I am going to start by giving some common explanations to understand how a GAN works. Then we will see the code in parts and explain it. Finally, we will have the complete code of the GAN.

Those of you who have already read the first article and do not want to go over how a GAN works again, can go directly to the section: What else will we see?

The code is available at Google Colab & Kaggle:

GAN Tutorial 2. Generating color images

Explore and run machine learning code with Kaggle Notebooks U+007C Using data from No attached data sources

www.kaggle.com

Google Colaboratory

Edit description

colab.research.google.com

You have all the Notebooks in the GAN Series in a repository in gitHub under a MIT License. Feel free to clone it, and don’t forget to watch or star it if you want to receive the updates and new notebooks.
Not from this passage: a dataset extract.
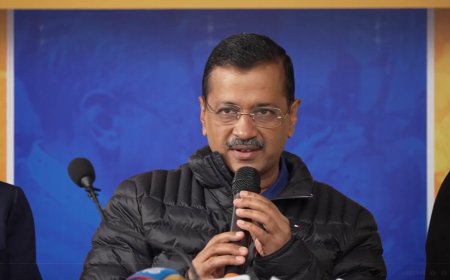 पहलवानों और बॉडीबिल्डरों ने अरविंद केजरीवाल की उपस्थिति में आम आदमी पार्टी (AAP) जॉइन की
GitHub — peremartra/GANs: GAN tutorials using TensorFlow, Keras & Python

GAN tutorials using TensorFlow, Keras & Python. Contribute to peremartra/GANs development by creating an account on…

github.com

A brief overview of how a GAN works.

A GAN is a neural network, usually used to generate images, composed of two networks: a Generator and a Discriminator.

The Generator receives an input of data, which is simply noise. Random data ordered in a Gaussian form. Do not worry that it is just a call to a function. With this input, it generates an output in the format of the image we want to create.

Let’s generate the noise to use as input for the Generator model:

test_noise = tf.random.normal([16, 100])

This call returns the noise we can use for the generator. We are telling it to return an array of 16 rows with 100 values each. The generator will use these 16 rows to make 16 different images from the data with 100 length values. That is, a row is needed for each image to be generated.

The size of the noise does not have to be 100. It is an arbitrary value, some of the most used values are: 50, 100, 128, 1024…

The best study to date on the input noise of a GAN is the one carried out in 2020 by Manisha Pandala, Denoit Das, and Sujit Gujar: Effect of input noise dimension in GANs.

The study shows that for images like those from the Cifar-10 Dataset, there are no differences between a value of 100 and one of 900, but that with small values, like 2 or 10, quality and variety in the images are lost.

The other model that is part of the GAN is the Discriminator. This is responsible for deciding when an image belongs to the Original Dataset or is a False image created by the Generator. The discriminator receives an image, in this case with the format 32 × 32 × 3, and has a Boolean output that indicates when the image is authentic or false.

Both models are trained together, and they modify their weights depending on the ability of the discriminator to guess which images are true or fake.

The generators’ intention is to create images that fool the discriminator. The discriminator wants to always be able to tell which images came from the generator.

What else are we going to see in this article?

For those of you who have already read the first article, I will explain a little about what we will see next.

Larger images are used, so the input and upsampling of the generator are changed.
Color images. The output of the generator is modified and obviously the input of the discriminator.
We are going to create two functions that will allow us to create flexible GAN structures.
We will use the tag smoother. One of Soumith Chintala’s GAN Hacks.

Create the Generator for color images.

The Generator model transforms the input data as it passes through the model layers. So, the noise that has been used as input, of a predetermined length, ends up being a 32 × 32 × 3 image at the output of the model.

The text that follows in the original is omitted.